BEGIN PROVIDED ENTRIES

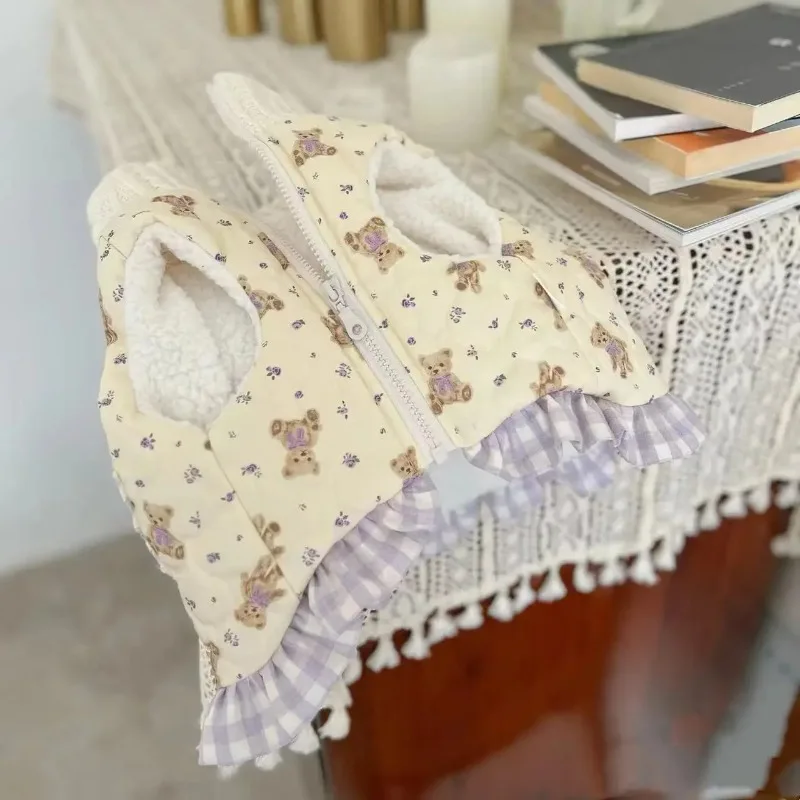 Abrigo Floral de encaje a cuadros para mascotas, Parkas de invierno para perros, camisa Base con lazo más grueso, chaquetas de osos de peluche, ropa para cachorros pequeños - imagen 2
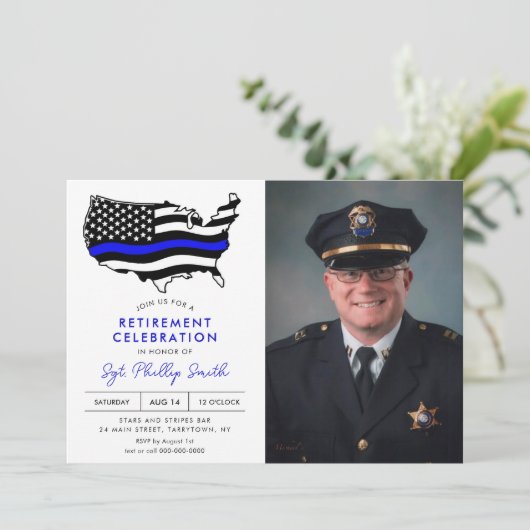 LIBERTY Police Military Retirement Party Einladung (Stehend Vorderseite)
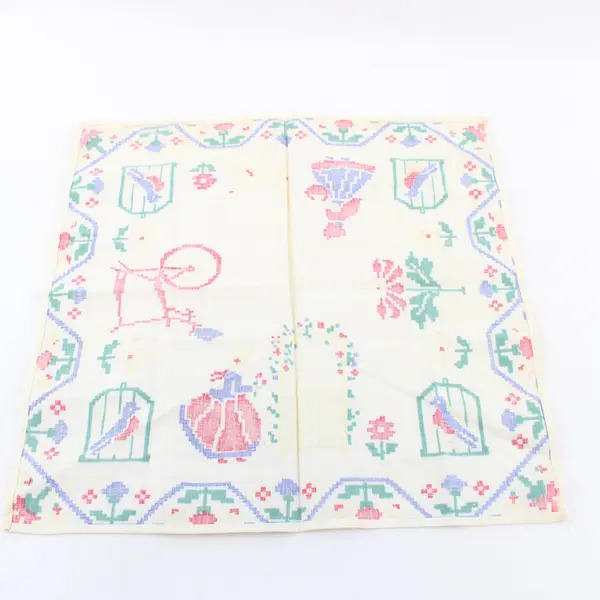 Vintage Pennsylvania Dutch Style Linen Napkin Measures 12" X 12"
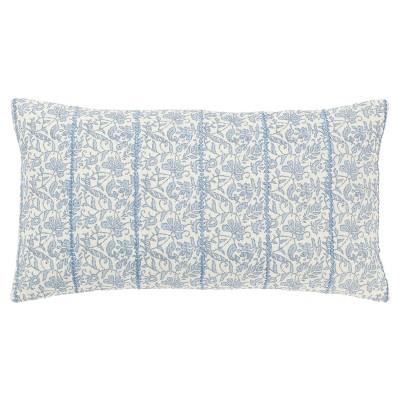 14x26 Oversized Botanical Lumbar Throw Pillow Cover Blue - Rizzy Home : Target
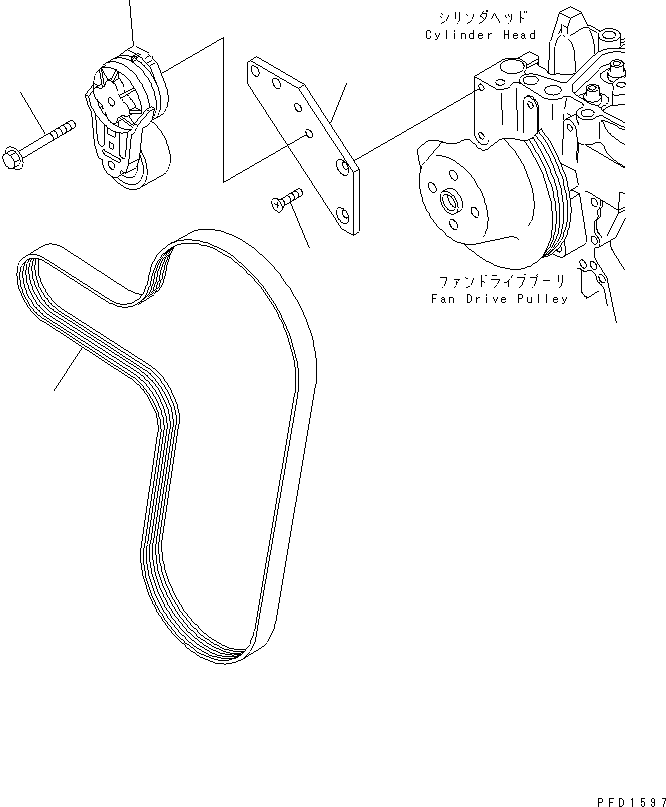 Engines Komatsu / S4D102E-1J S/N 26200163-UP(s4d1026c) / BELT TENSIONER (FOR BLOWER FAN) (FAN PULLEY DIA.222MM)(#26203202-)(031380 : A601S-01A4)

END PROVIDED ENTRIES

WHAT NEEDS TO BE DONE:
Transcribe exactly, with no pictures, the lines running from the first line of the material through the line holding "14x26 Oversized Botanical".

OUTPUT FOR THIS EXERCISE:
 Abrigo Floral de encaje a cuadros para mascotas, Parkas de invierno para perros, camisa Base con lazo más grueso, chaquetas de osos de peluche, ropa para cachorros pequeños - imagen 2
 LIBERTY Police Military Retirement Party Einladung (Stehend Vorderseite)
 Vintage Pennsylvania Dutch Style Linen Napkin Measures 12" X 12"
 14x26 Oversized Botanical Lumbar Throw Pillow Cover Blue - Rizzy Home : Target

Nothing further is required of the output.